Adding a Composer Package

DreamFactory is built atop the PHP language, and uses Composer to install and manage a number of internally built and third-party packages which are used throughout the platform. If you'd like to take advantage of a Composer package within your scripts, install it globally using the global modifier. For instance, suppose you wanted to send out a Tweet from a script. You can use the twitteroauth package to do so:

$ composer global require abraham/twitteroauth

Once installed, you can use the package within a DreamFactory script via it's namespace as demonstrated in the following example:

$consumerKey    = env('TWITTER_CONSUMER_KEY'); 
$consumerSecret = env('TWITTER_CONSUMER_SECRET');
$oauthToken     = env('TWITTER_OAUTH_TOKEN');  
$oauthSecret    = env('TWITTER_OAUTH_SECRET');

$connection = new \Abraham\TwitterOAuth\TwitterOAuth(
  $consumerKey, 
  $consumerSecret, 
  $oauthToken, 
  $oauthSecret
);

if ($event['request']['method'] == "POST") {
  $message = $event['request']['payload']['resource'][0]['message'];
  $response = $connection->post("statuses/update", ["status" => $message]);
}

return json_encode(["response" => $response]);

TIP

You'll want to install packages globally because the only other alternative is to install them locally via DreamFactory's Composer files. The packages will behave identically to those installed globally, however you'll eventually overwrite DreamFactory's Composer files when it's time to upgrade.

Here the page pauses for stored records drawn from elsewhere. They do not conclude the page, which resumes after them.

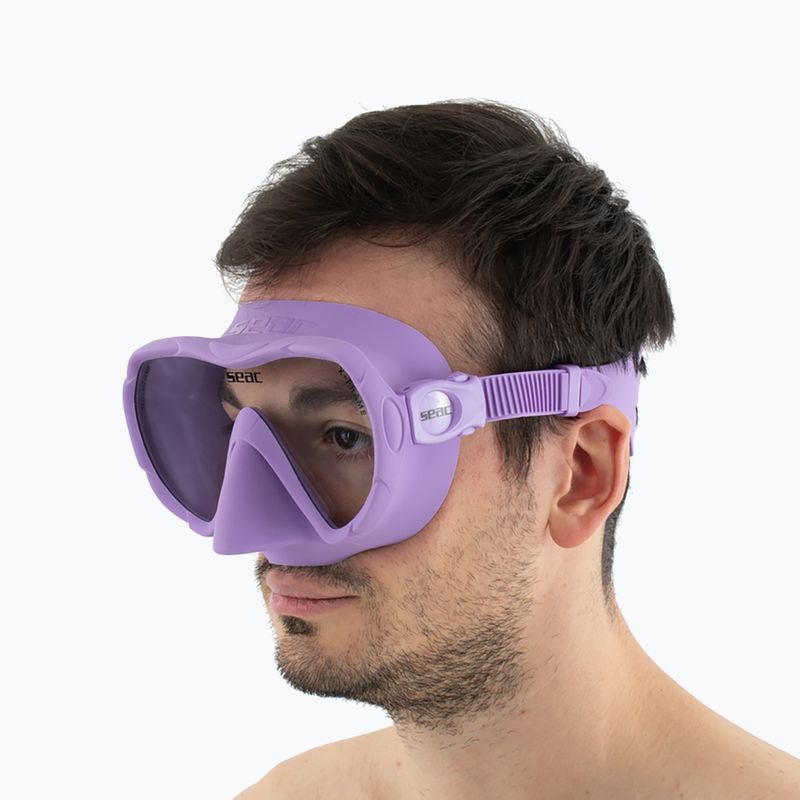 Maschera subacquea SEAC X-Frame lilac 9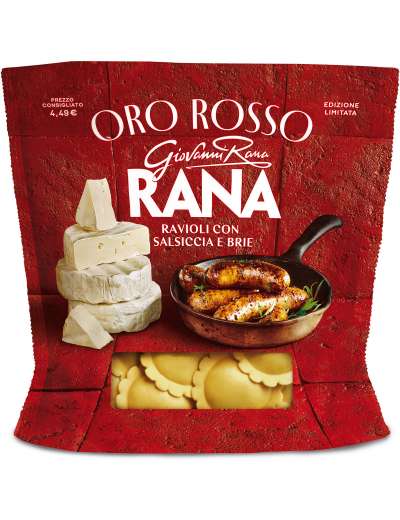 RANA OROROSSO SALSICCIA E BRIE GR 250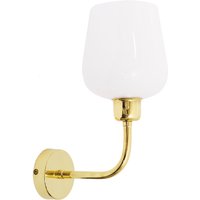 Wandleuchte Badezimmer H: 28,5 cm Messing Glas E27 TALIS von Ghidini Giovanni Battista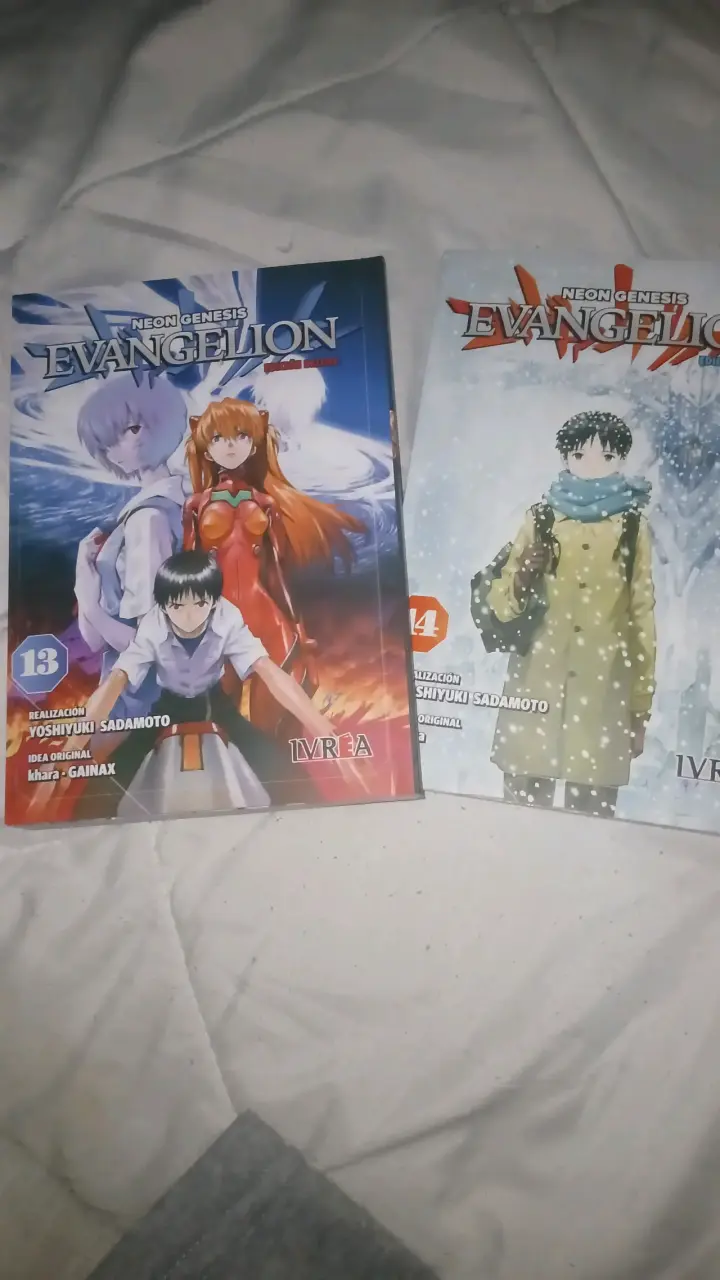 Mangas Evangelion Edición Deluxe Vol. 13 y 14 - 2
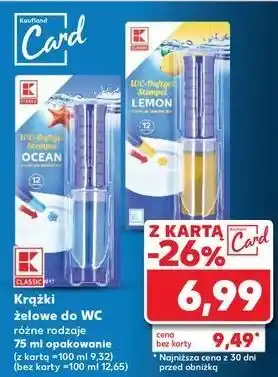 Kaufland Krążki żelowe ocean K-Classic oferta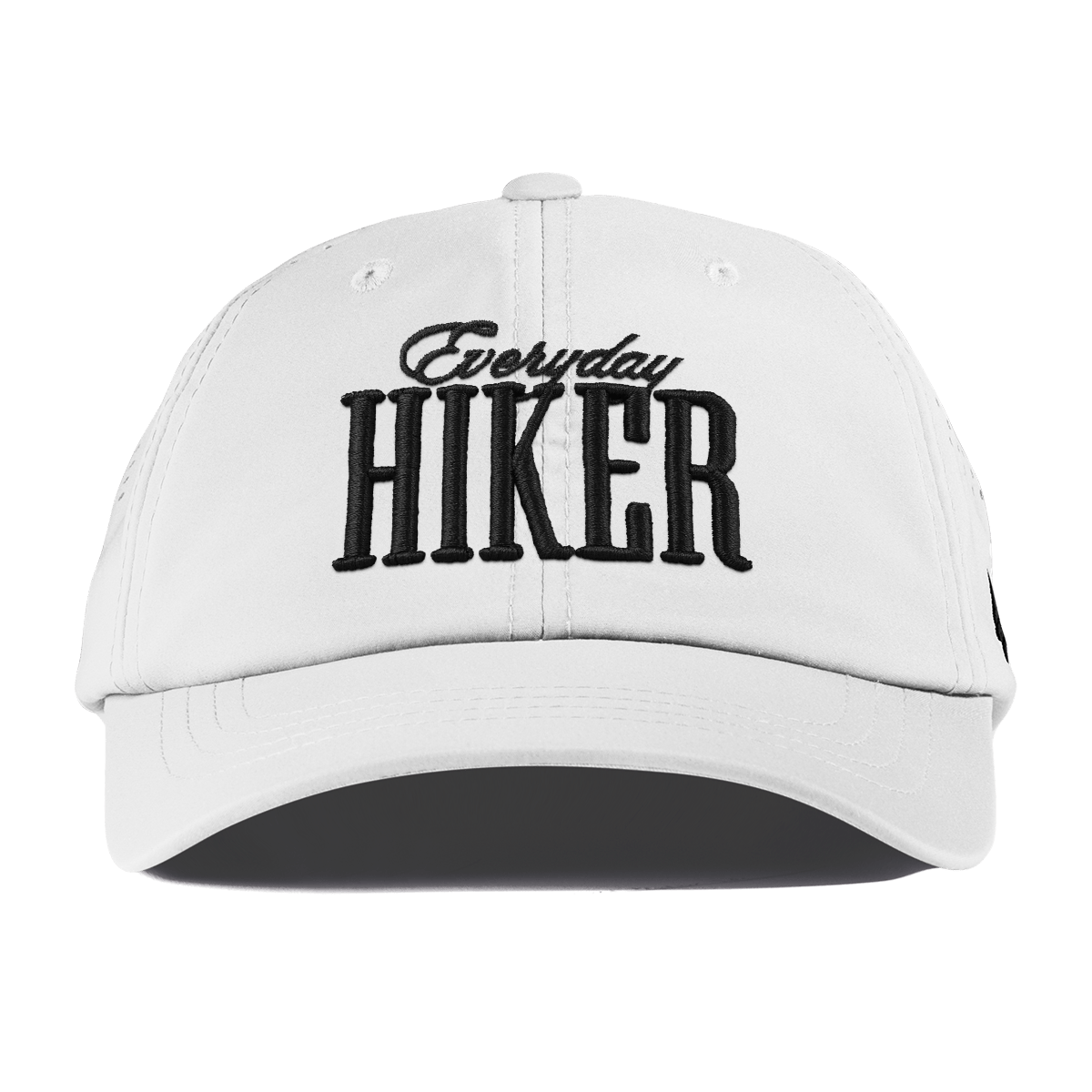 Everyday Hiker Curved Performance Dad Hat White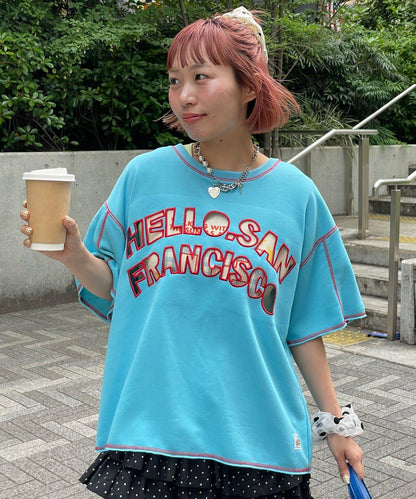 HELLO.SANFRANCISCO 2WAY鏤空短袖T恤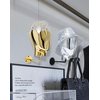 CHADWICK Mannequin Head Wall Mount Wig Stand, Chrome Wig Holder, Hanging Wig Stand, Hat Display Stand, 20 Inch Manikin Head Block for Wigs, Hats, Headwear, Luxury Look at Home, Salon, Head Swivels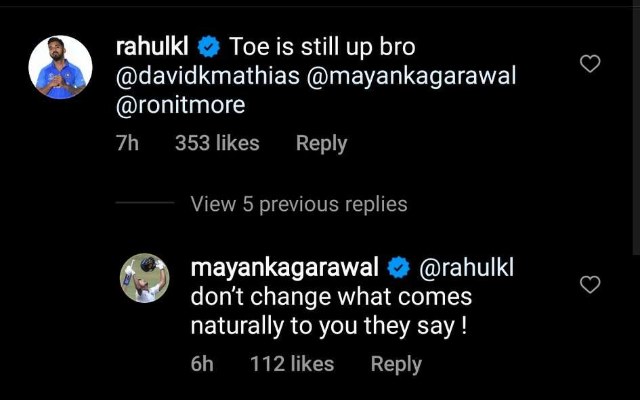 KL Rahul comment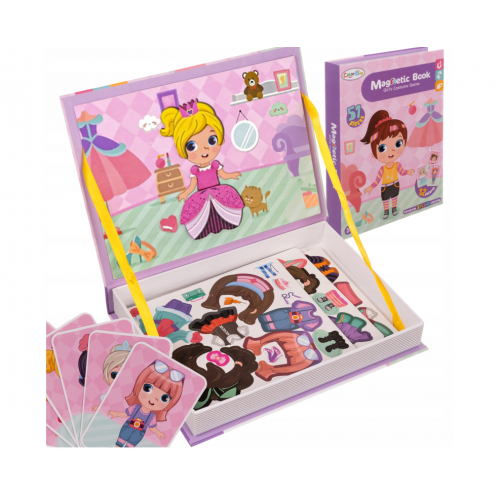 Magnētiskā puzle radošai meiteņu ģērbšanai:26654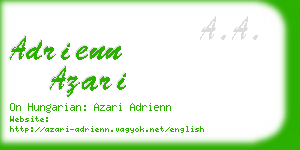 adrienn azari business card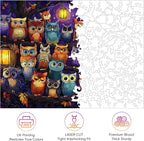 Mocfesk Wooden Puzzles for Adults, Owl Family Puzzles 200 Pieces | Unique - Image 5
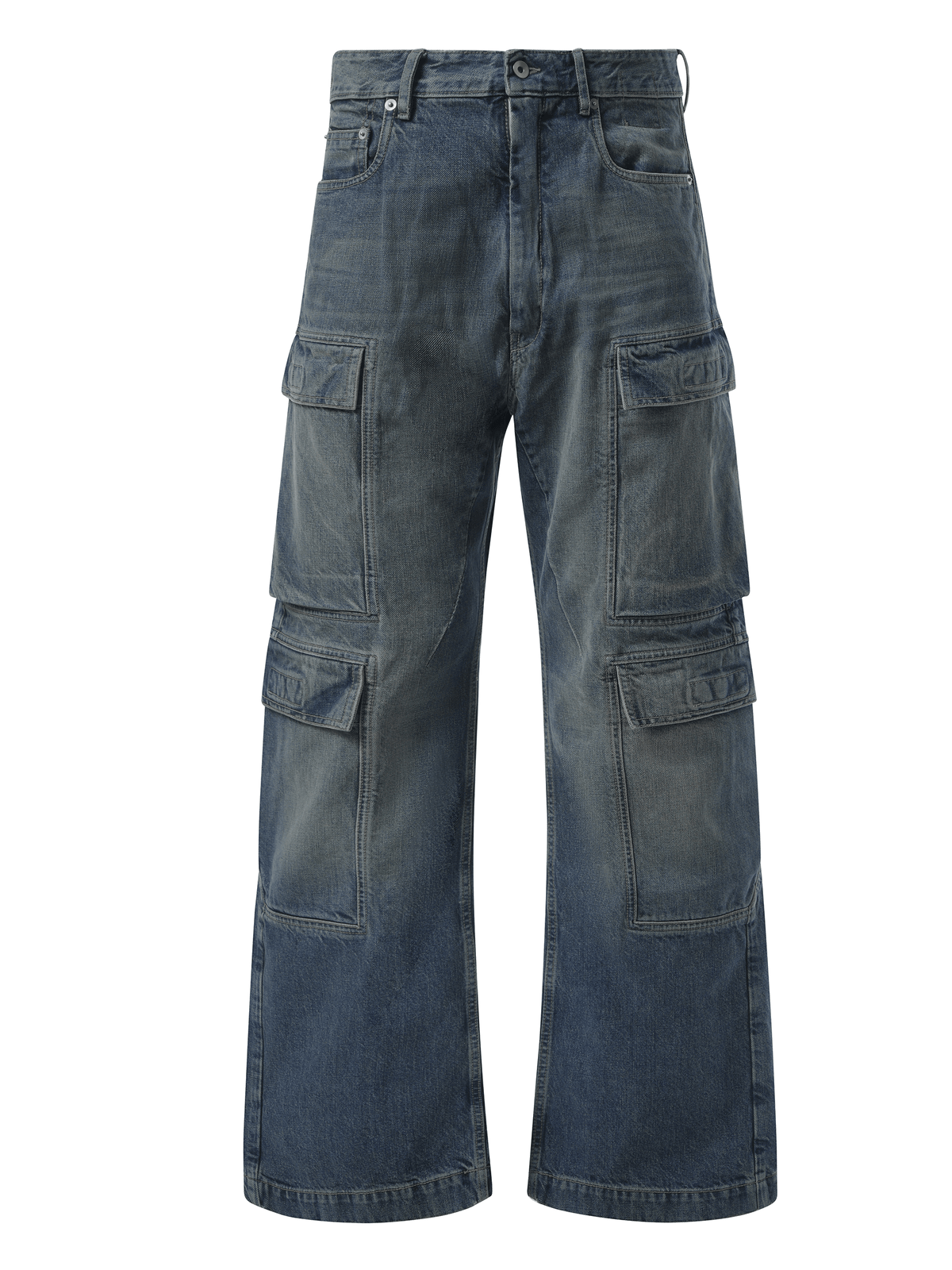 Rick Owens Drkshdw Double Cargo Jeans in Washed Indigo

Adding a PHP Class Library

If you'd like to reuse custom code within scripts, and don't want to manage the code within a Composer package, you could alternatively add the class to PHP's include path using the set_include_path() function. Once included, you can use the require_once statement to import the class. This approach is demonstrated in the following example script:

set_include_path("/home/wjgilmore/libraries");

require_once('Filter.php');

$filter = new \WJGilmore\Validate\Validate();

try {
		
  $filter->username("dreamfactory");
		
} catch (\Exception $e) {
		
  $event['response'] = [
    'status_code' => 400, 
    'content' => [
      'success' => false,
      'message' => $e->getMessage()
    ]
];

}

The referenced Filter class is found in a file named Filter.php and looks like this:

<?php

namespace WJGilmore\Validate;

use Exception;

class Validate {

  public function username($username) {

    if (preg_match("/^[a-zA-Z0-9\s]*$/", $username) != 1) {
      throw new Exception("Username must be alphanumeric.");
    }

  return true;

  }

}

If you'd like to permanently add a particular directory to PHP's include path, modify the include_path configuration directive.

More Information

We're still in the process of migrating scripting documentation into this guide, so for the time being please consult our wiki for more information about scripting:

Scheduled Tasks

DreamFactory does not natively support scheduled tasks but you can setup a CRON job for this purpose. Let's create an example that calls an API every minute of the day.

Creating the Script

First we will create the script to call the API. One easy way to do so is by navigating to the API Docs tab and copying the cURL command for the appropriate call we would like to make. In this case we have business logic attached to GET on _table/employees that is synchronizing data between two databases.

Once we have the cURL command we can convert it to PHP by using this useful tool. After we will create a file named cron.php in the public folder containing the generated PHP code.

Running the CRON job

To start let's define the CRON job parameters:

* * * * * /usr/bin/php /opt/dreamfactory/public/cron.php >/dev/null 2>&1

This can be broken into 4 parts, the timing, execute PHP, path to script, and the output. In this example the * * * * * means it will run once every minute. The second portion is the path to PHP to allow it to be executed. The important part is now providing the full path to the file you would like to run. Finally you can write the output to a file or discard it, in this case I have set it to be discarded. If you would like to learn more about the structure, check out this article.

Next you will edit the crontab by running the following:

$ crontab -e

You will be put into the text editor where you can simply paste in your CRON job and save it. Now you have a scheduled task running every minute to call your API!